Pasal 71 ayat 2 UU No 10 tahun 2016 merupakan ketentuan yang bersifat Imperatif (memaksa), landasan filosofi dari pasal ini, agar calon petahana tidak menggunakan wewenangnya sebagai pemilik kekuasaan dan tetap menciptakan stabilitas pemerintahan dalam lingkup Pemerintahan
Surat Edaran Bawaslu RI No. 0649/k.Bawaslu/PM.06.00/X/2016 yang pada pokoknya menyatakan bahwa calon petahana yang melakukan mutasi ASN tetapi dikemudian hari membatalkan atau mengembalikan ASN yang dimutasi dalam kedudukan yang semula maka calon petahana tersebut tidak perlu diberikan sanksi pembatalan sebagai calon.
Dalam perkara pemilihan Kepala daerah di salah satu kabupaten di indoensia, Petahana tidak diberikan rekomendasi sanksi administrasi oleh Panwaslu Kabupaten karena berpatokan pada surat edaran bawaslu No 0649/k.Bawaslu/PM.06.00/X/2016. Demikian pula Pengadilan Tinggi Tata Usaha Negara yang mengadili perkara tersebut, memenangkan calon Petahana dengan alasan ASN yang dimutasi telah dikembalikan pada kedudukan semula.
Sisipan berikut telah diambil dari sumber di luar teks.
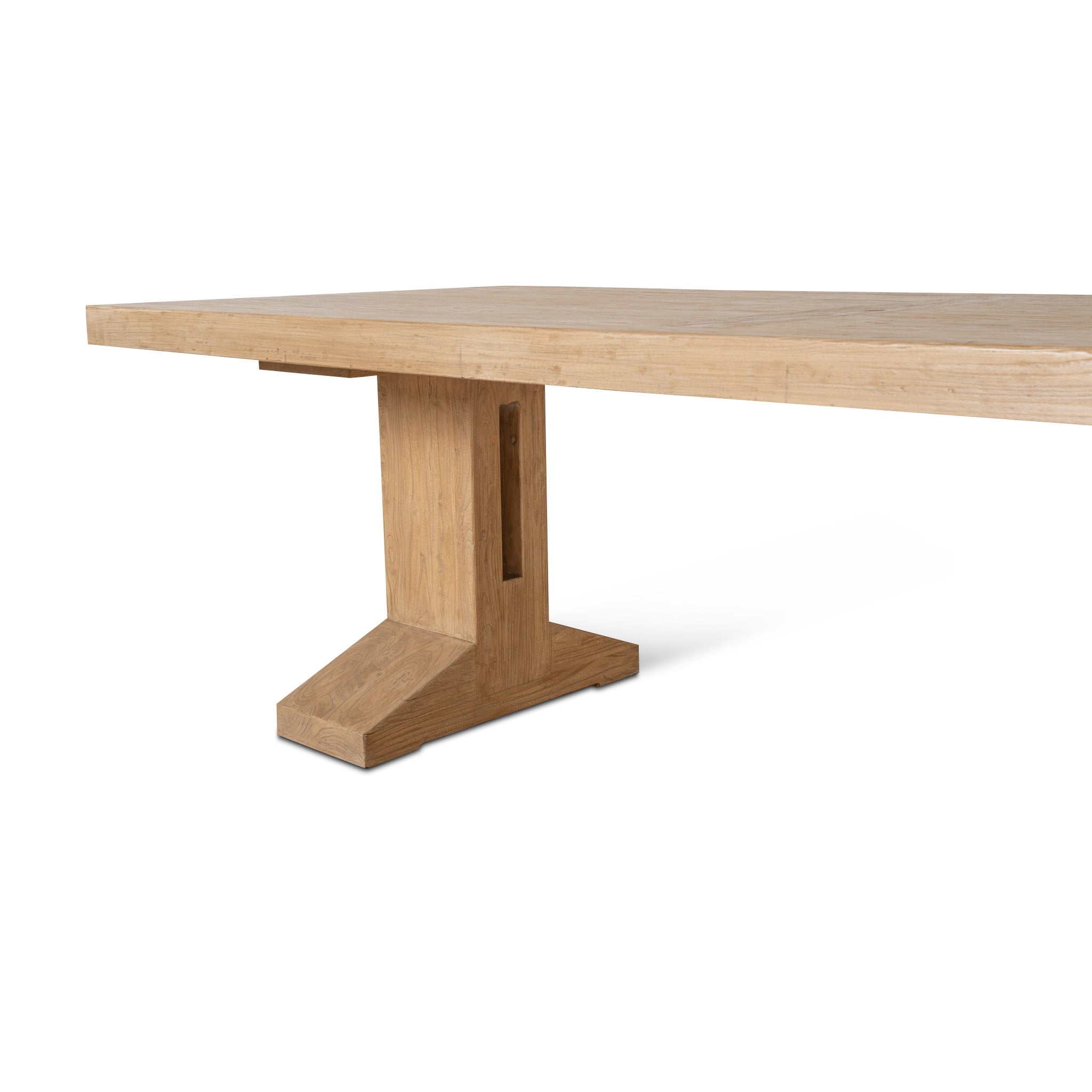 2.44m Elm Dining Table - Natural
Namun Mahkamah Agung dengan Putusannya No 570 K/TUN/Pilkada/2016, menyatakan bahwa calon petahana telah melakukan pelanggaran seketika pada saat melakukan mutasi, meskipun dikemudian hari ASN tersebut dikembalikan pada kedudukan semula, tapi petahana tetap dianggap telah melakukan pelanggaran dan harus diberikan sanksi administrasi.